After I accepted Islam and moved to Turkey I went to a friend's corner store. We were talking, sitting around drinking tea when a friend of my friend's came in to get something. My friend introduced me as a Muslim from America. The man quickly responded by saying, "Alex? He can't be Muslim, Alex is not a Muslim name."
Alex can most certainly be a Muslim name. Islam is, after all, a universal religion. As long as a name is not anti-Islamic and does not carry a bad meaning, any name can be a Muslim's name. Heaven is not some country in the sky that only accepts Turkish and Arab passports- God did not create us all as Arabs, and it's okay if we don't all have Arabic names. Our diversity is a miracle; we are created in many different ways but God is One. This is the beauty of Islam- anyone, no matter where they are from, can find and make peace with the same One God. It is true that our names can influence our worldview and our behavior; at the same time, though, there are plenty of bad people in the world with names like Muhammad, Ali and Bilal. There is such a thing as hypocrisy after all. (And let me admit openly, without going into detail, that I am the biggest sinner of all- I care about Islam, but that doesn't mean I follow all the rules.)
In any case, I figured that since I am both an American and a Muslim, I ought to find a new "Islamic name" that I could use in addition to my given name. I chose to combine one name from among the Prophets that all of the People of the Book accept, and one from the Prophet's family, and came up with Yusuf Hussain. Most people who know me still use Alex, but if someone prefers to call me Yusuf, that's fine too. (The Turkish Ministry of Religious Affairs (Diyanet) has me officially recorded as a convert to Islam with the new name Yusuf Hüseyin.)
The Prophet Yusuf, Joseph in English, was someone I identified with because he was also living in a foreign land and also tried to interpret dreams. Hussain refused to surrender to corruption and died as a martyr at Karbala- for him, death was better than living in a world where his rights were being trampled by those who abuse Islam.

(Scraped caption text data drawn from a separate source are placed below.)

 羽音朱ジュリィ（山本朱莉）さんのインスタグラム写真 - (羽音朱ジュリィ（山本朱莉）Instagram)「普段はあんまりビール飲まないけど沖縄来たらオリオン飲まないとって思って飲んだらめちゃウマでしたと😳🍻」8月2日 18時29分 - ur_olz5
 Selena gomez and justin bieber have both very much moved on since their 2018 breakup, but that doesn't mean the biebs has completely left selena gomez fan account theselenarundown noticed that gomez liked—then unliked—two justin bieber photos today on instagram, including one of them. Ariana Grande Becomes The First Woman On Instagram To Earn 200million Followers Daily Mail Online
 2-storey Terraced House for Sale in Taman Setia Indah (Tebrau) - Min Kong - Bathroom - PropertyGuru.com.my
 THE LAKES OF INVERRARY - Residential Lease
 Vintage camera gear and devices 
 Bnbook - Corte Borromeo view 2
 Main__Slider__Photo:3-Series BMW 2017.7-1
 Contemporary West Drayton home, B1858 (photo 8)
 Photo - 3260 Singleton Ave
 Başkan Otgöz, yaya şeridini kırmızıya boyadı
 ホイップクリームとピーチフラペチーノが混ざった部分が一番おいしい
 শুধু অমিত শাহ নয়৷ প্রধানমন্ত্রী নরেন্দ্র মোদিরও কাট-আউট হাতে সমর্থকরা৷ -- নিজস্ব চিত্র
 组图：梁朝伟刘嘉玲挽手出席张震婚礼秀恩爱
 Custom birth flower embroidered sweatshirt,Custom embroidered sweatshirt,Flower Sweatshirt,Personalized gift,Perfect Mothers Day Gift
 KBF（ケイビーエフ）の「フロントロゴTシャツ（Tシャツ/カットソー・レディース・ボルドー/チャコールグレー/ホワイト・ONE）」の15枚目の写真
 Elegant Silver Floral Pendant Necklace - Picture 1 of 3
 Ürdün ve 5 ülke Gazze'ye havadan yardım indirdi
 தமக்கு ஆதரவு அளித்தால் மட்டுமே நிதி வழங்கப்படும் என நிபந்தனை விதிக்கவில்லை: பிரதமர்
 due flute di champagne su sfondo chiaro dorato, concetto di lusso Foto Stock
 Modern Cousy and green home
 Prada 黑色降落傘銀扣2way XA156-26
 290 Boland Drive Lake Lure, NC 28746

As a former Christian, I was familiar with the story fo Joseph since childhood, but the story of Hussain has a whole other dimension to it. For me, the name Hussain represents transformation from something ugly to something beautiful, the transition from ignorance to understanding. I grew up associating this name with Saddam Hussein, as would most Americans. With time, I realized that it was a common Muslim name; it lost its associations with the Iraqi dicator in my mind but was just another Muslim name. Later, though, I learned about Hussain bin Ali and his death at Karbala, and suddenly it had a deep and beautiful meaning. It went from being the name of an oppressor to the name of someone who gave everything to fight an oppressor.
I would not call myself a Sunni, nor a Shi'a, I try to stay non-sectarian. I will say this, though: the Prophet is reported to have told his daughter Fatima, at Hussain's birth, that her son would die as a martyr one day, but that God would create a nation who would mourn him until the Day of Judgment.
If he did indeed say that, then count me as one of those people.